The insurance scheme, comes on top of the highly controversial Yingluck’s rice price support scheme, which sees Thai rice, moderately higher than global price, resulting in a high stock of rice in Thailand-as buyers turns to cheaper rice from other countries.
However, Yingluck says the price support scheme is benefitting Thai rice growers, which is her priority, and that Thailand is willing to sell rice to the global market at a loss, than what it paid to Thai farmers, to reduce the stock of rice in Thailand.
- Global and local news outfits, mostly reports on the attitude of Thai rice exporters and foreign buyers, seldom, focusing on the Thai rice farmers.
Bloomberg, for example, last year reported that Yingluck’s rice subsidy, will cause, quote: “Food Riots in Asia” while Bangkok Post have focused about 80% to 90% of its coverage on Yingluck’s rice subsidy on Thai rice exporters reaction.

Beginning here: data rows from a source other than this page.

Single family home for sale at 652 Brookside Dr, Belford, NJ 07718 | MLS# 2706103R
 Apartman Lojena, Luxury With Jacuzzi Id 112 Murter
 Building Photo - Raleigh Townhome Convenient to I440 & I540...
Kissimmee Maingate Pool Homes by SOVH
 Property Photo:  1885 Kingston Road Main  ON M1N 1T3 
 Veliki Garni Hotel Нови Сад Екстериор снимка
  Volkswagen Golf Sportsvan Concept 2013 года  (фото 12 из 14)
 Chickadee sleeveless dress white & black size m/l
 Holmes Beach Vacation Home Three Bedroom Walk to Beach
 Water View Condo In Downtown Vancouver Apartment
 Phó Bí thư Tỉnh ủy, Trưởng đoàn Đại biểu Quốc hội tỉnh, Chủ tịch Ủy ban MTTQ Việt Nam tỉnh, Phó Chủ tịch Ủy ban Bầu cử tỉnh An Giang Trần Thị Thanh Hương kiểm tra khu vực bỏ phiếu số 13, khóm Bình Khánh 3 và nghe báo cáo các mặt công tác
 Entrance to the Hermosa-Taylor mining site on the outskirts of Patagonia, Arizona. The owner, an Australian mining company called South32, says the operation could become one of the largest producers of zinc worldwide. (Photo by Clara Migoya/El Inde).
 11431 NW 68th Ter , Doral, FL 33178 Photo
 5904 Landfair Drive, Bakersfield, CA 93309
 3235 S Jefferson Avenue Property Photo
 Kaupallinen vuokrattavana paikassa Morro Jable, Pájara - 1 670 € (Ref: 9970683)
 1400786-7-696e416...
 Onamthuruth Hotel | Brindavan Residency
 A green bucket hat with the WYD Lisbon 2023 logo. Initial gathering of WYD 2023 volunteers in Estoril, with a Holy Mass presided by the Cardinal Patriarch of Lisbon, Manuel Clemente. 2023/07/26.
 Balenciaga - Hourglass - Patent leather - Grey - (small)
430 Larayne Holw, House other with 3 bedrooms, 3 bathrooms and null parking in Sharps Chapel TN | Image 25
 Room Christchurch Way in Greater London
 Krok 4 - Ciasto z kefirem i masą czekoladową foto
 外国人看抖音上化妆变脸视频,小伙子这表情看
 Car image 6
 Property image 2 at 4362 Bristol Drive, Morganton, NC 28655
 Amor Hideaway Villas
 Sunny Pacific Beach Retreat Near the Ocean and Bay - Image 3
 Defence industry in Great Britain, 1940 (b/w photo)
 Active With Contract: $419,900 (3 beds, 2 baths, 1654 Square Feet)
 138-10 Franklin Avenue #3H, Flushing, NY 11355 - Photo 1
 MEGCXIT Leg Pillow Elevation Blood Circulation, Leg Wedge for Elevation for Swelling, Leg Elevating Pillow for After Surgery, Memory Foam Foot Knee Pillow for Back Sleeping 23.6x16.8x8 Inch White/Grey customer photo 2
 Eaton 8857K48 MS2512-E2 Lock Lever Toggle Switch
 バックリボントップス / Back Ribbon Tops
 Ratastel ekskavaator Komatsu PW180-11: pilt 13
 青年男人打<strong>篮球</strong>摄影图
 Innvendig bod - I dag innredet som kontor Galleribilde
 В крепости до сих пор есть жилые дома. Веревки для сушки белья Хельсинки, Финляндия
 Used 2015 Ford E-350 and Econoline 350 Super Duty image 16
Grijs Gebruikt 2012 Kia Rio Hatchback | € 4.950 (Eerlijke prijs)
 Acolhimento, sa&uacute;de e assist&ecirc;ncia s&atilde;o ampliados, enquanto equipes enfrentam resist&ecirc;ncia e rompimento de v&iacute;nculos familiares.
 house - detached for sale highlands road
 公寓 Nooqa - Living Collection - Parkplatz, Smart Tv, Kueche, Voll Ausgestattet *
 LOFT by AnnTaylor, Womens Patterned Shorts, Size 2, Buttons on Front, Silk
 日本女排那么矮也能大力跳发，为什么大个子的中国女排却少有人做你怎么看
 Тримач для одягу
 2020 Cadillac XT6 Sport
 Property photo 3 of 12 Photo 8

- They are called the “backbone” of Thailand’s economy, the rice farmers, that for decades was Thailand’s biggest export, earning the country foreign currency to developed.
But today, their numbers have dwindled to a few million Thais involved in growing rice, and the iconic picture of Thai rice farmers and their water buffalos, have been replaced with “Kubotar” tractors, a Thai Japan joint venture with the Thai King, Bhumibol, a major share holder.
- The Thai King, having been ill and weak for many years, recently, took his first trip outside of Bangkok in recent memory, and visited a rice farming community, that is historic, in that the Thai King visited the community before when he was healthy, and engaged in “Actual traditional Rice Farming” activity.
Yingluck bought a piece of land in that community, where the Thai King conducted rice farming activity, and donated the area to the Thai King, where it is now a very famous “Agricultural Tourism” spot in Thailand.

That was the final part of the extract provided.